# Cutting small groove on the  lathe ??...



## 56type (Mar 27, 2017)

I have a gunsmithing project I'm working on and one of the thing I need to do is cut a small groove (0.095 wide X 0.086 depth) into the work piece. The tool bits I have are the pre-ground 1/4" in. set from littlemachineshop.com  that includes the LH & RH cutting bits, parting bit, round nose cutting bit, 45 degree chamfer cutting bit, and boring bit. Also using the lantern tool post and toolholders for same.

  My question is can I use any of these tool bits to cut the grove to the measurements I listed or will I need to special grind a tool bit for it ?? Complete newb and this is the first project I'm attempting on my new-to-me Atlas 10100 Mk.2 so I know "Zilch" when it comes to tricks & tips to make the cut I need. Here is a pic of what the finished product should look like...Notice the groove about middle of the piece. That's the one I need to cut. Thanks.


----------



## mikey (Mar 27, 2017)

You can use your parting tool for this. Grind it to slightly less than the width you need and part in to the depth you need, then widen the groove to the width you need.


----------



## ghostdncr (Mar 28, 2017)

I've often wondered why they chose to put that groove in there. I've only ever seen this thread protector used on commercial "post-ban" AK variants sold in the US, so it's not like a suppressor interface or anything like that. Perhaps it simply serves as clearance for machining the wrench flats on the end during the manufacturing process? 

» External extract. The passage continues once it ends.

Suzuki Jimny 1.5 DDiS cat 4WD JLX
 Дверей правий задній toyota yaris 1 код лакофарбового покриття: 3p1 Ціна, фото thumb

Anyway... Travers Tool usually has great prices on square tool blanks for these projects that need a custom grind. Here's a link to their page showing regular M2 and cobalt HSS blanks. At these prices, I think it's worth keeping a half dozen or so lying in the toolbox: http://www.travers.com/square-ground-tool-bits/p/37616/?


----------



## David S (Mar 28, 2017)

My parting tool is 0.040" wide.  I use if for similar applications cutting O-ring grooves and cir-clip groves.  Choke the cutter up so very little sticks out from the tool holder, cut to almost finished depth in a couple of passes, and the final finishing pass can be made by running the parting tool with the X feed.

David


----------



## 56type (Mar 28, 2017)

ghostdncr said:


> I've often wondered why they chose to put that groove in there. I've only ever seen this thread protector used on commercial "post-ban" AK variants sold in the US, so it's not like a suppressor interface or anything like that. Perhaps it simply serves as clearance for machining the wrench flats on the end during the manufacturing process?
> 
> Anyway... Travers Tool usually has great prices on square tool blanks for these projects that need a custom grind. Here's a link to their page showing regular M2 and cobalt HSS blanks. At these prices, I think it's worth keeping a half dozen or so lying in the toolbox: http://www.travers.com/square-ground-tool-bits/p/37616/?

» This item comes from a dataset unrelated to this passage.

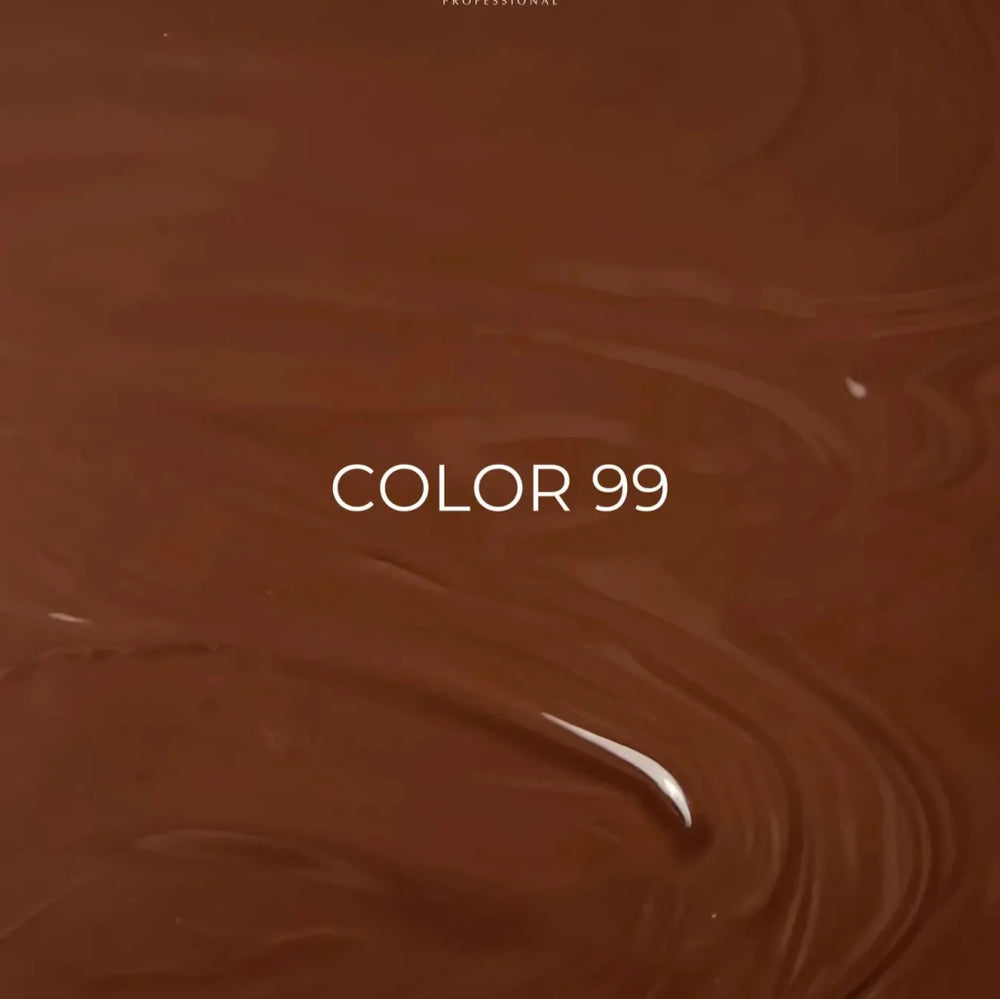 EDLEN Color Gel Polish 099, 9 ml - Level Up Beauty Supply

The reason the groove is there is to serve as a "locking mechanism" for the cleaning kit cap that serves as a bore guide for use with the included buttstock cleaning kit. It works like this...Take the cap off the cleaning kit included with the rifle, you'll notice it has a small dimple in it that engages a notch in the cleaning kkit body that retain the cap on the cleaning kit. Those "wrench flats" are actually clearance cuts to allow the dimple in the side of the cap to pass over the forward end of the muzzle nut, then the cap is turned 90 degrees relative to the flats which locks the cap to the muzzle nut. The steel cleaning rod is then guided down the bore of the rifle by passing it thru the small hole located in the end of the cap. The cap should be placed on the cleaning rod before attaching the bore brush/cleaning jag, then carefully started into the bore, slide the cleaning kit cap down the cleaning rod and lock it into the muzzle nut. 

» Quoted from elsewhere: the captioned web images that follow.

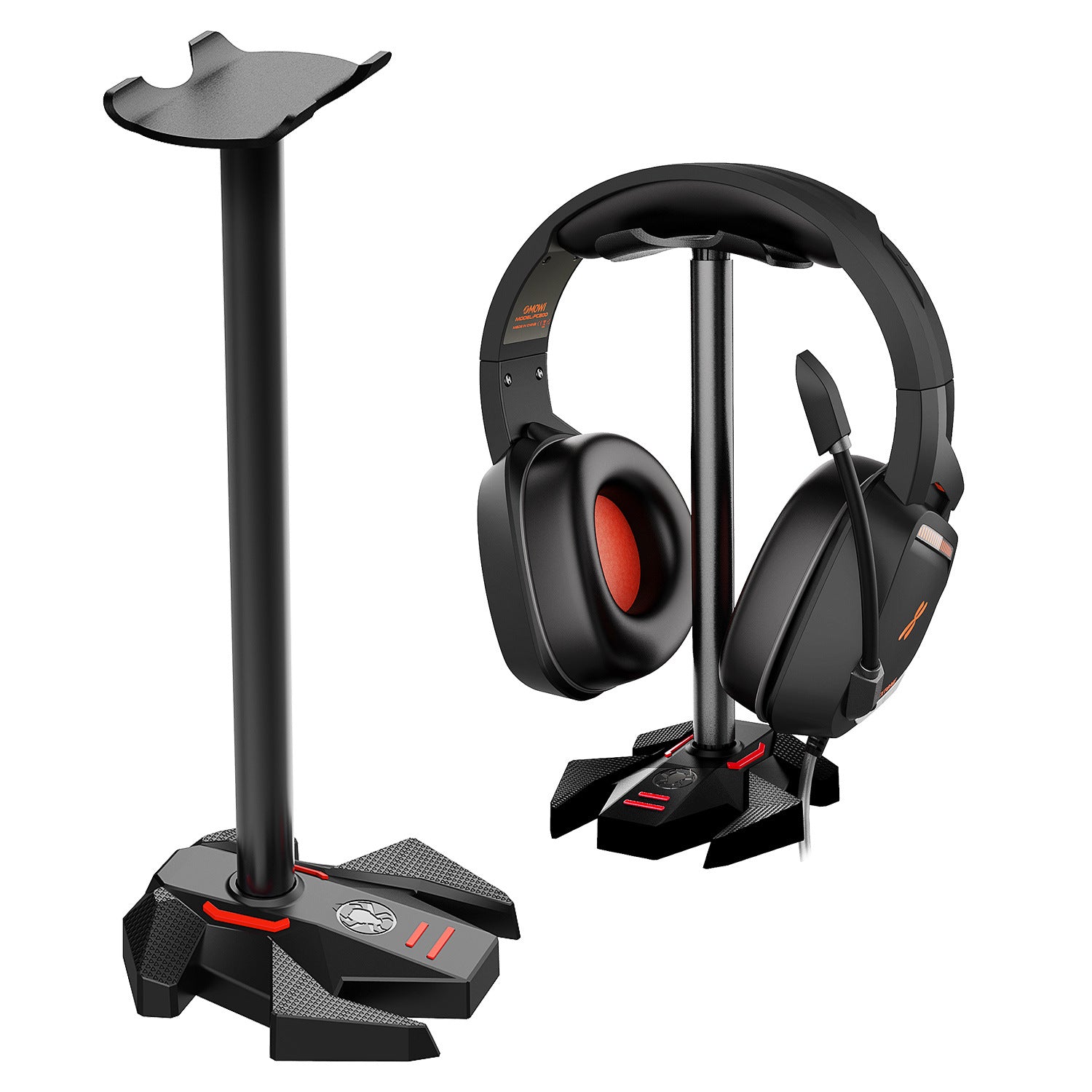Gaming headphone Bracket Head-mounted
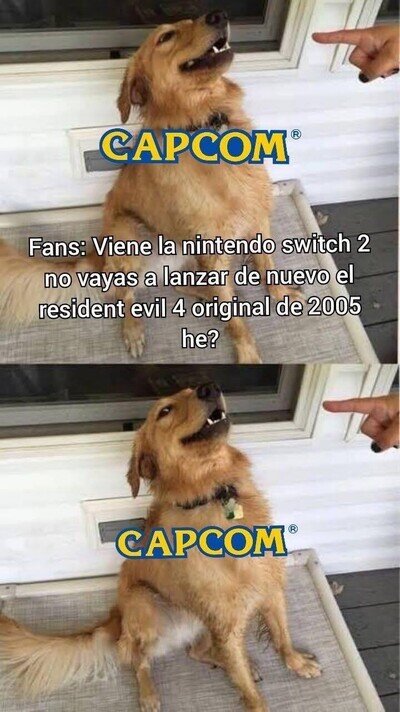 Aunque no me molestaría si ocurre
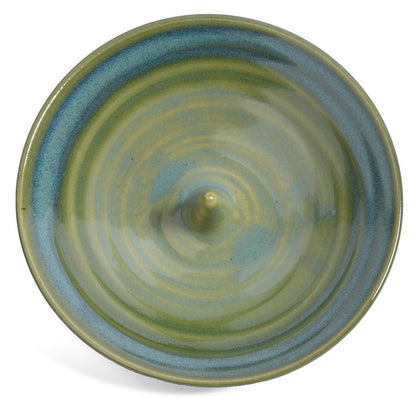 Holman Pottery Microwave Omelet Dish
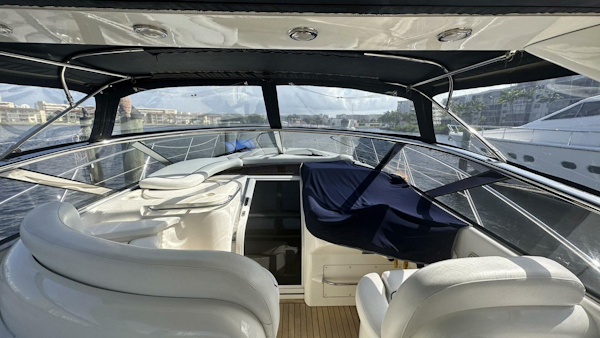 Sunseeker-Camargue 44 2000-Serendipity North Miami Beach-Florida-United States-3878797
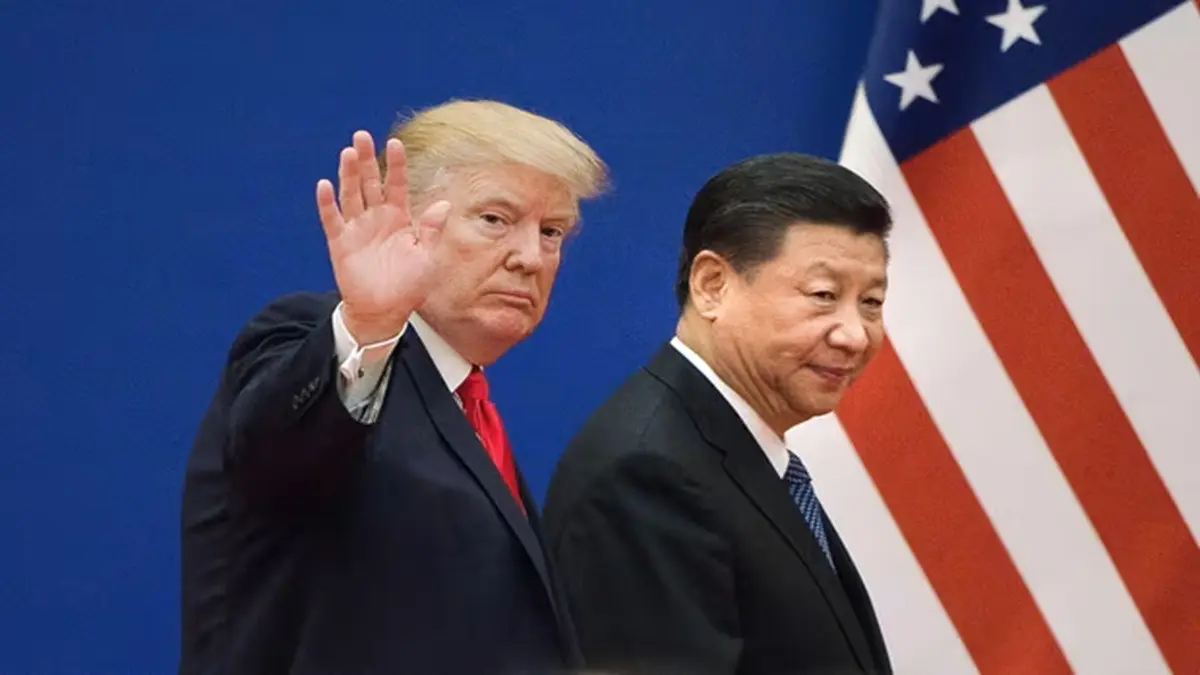 'Very Good Phone Call': Donald Trump After Telephonic Conversation With Xi Jinping On Trade Deals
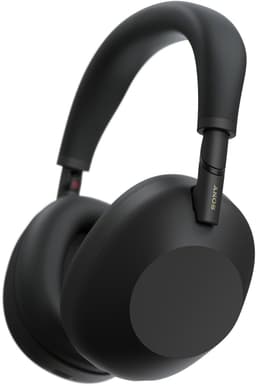 SONY WH-1000XM6 Over-ear Draadloze hoofdtelefoon met Noise-cancelling Zwart — thumbnail 1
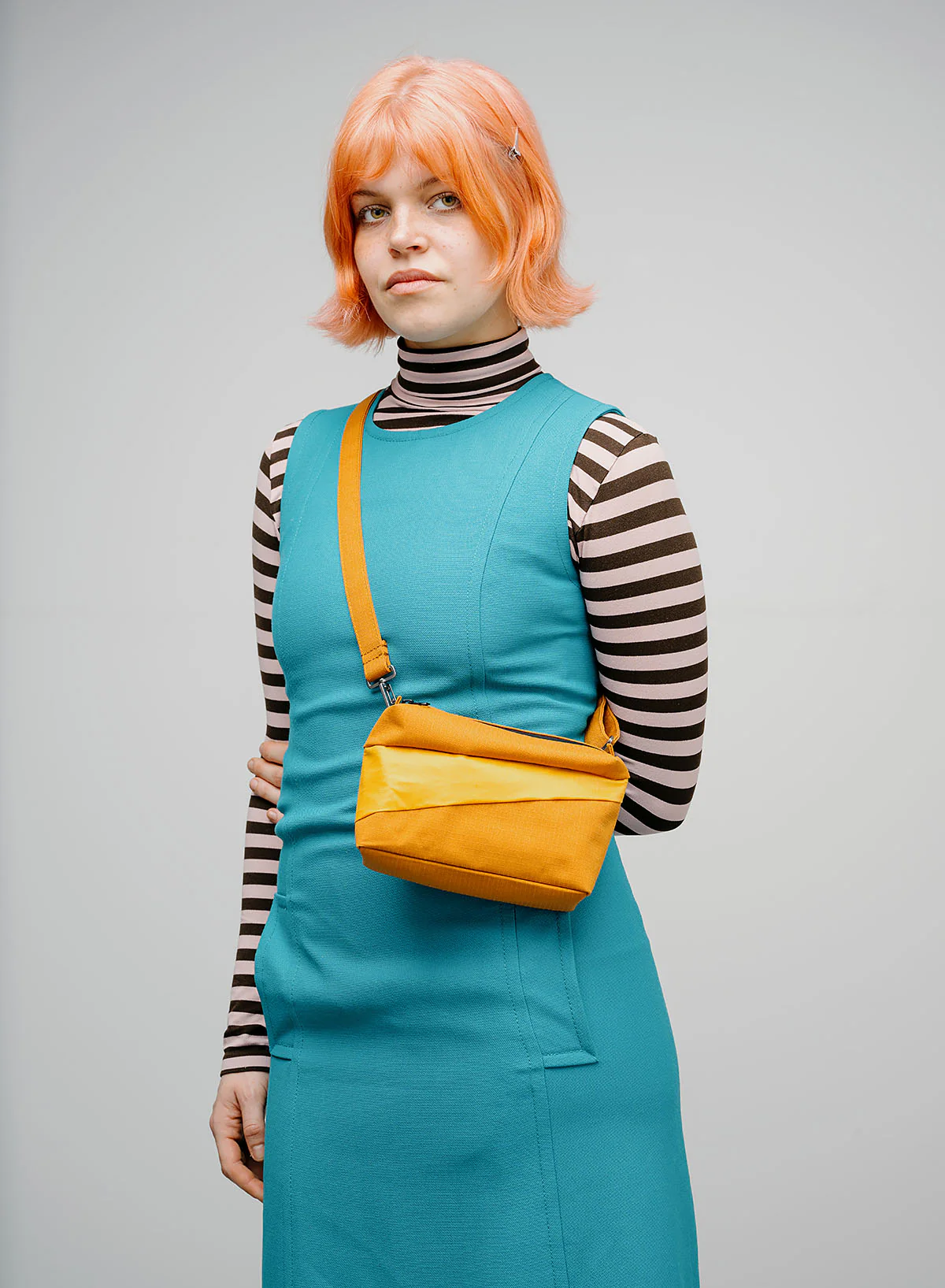 The New Bum Bag Ginger & Calendula Small - Image 3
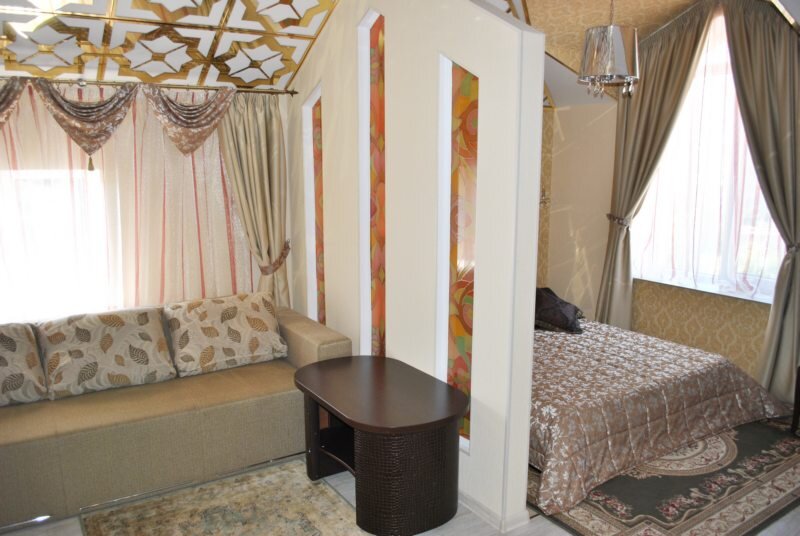 Гостиница Гранд Флёр Форос-69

Curiously the same groove is present on the traditional "slant brake" for the same purpose. Thanks for the link, I really NEED to get a bench grinder and learn to start grinding my own tool bits.


----------



## 56type (Mar 28, 2017)

On using the parting tool for this cut...My parting tool bit is not the blade type but looks more like a mini LH cutting bit. So it has that slight angle on the front tip that would make it cut deeper on one side than the other when cutting a groove. If I narrow it to the width of the groove to make the cut (it's listed as 0.1 in. wide and I need 0.095) in  a simple, single, plunge type cut, can I also remove the front angle so it will cut "square" ?? Or would removing that angle destroy it's ability to cut ?? Here's a link to the tool bit in question...Thanks for all the help.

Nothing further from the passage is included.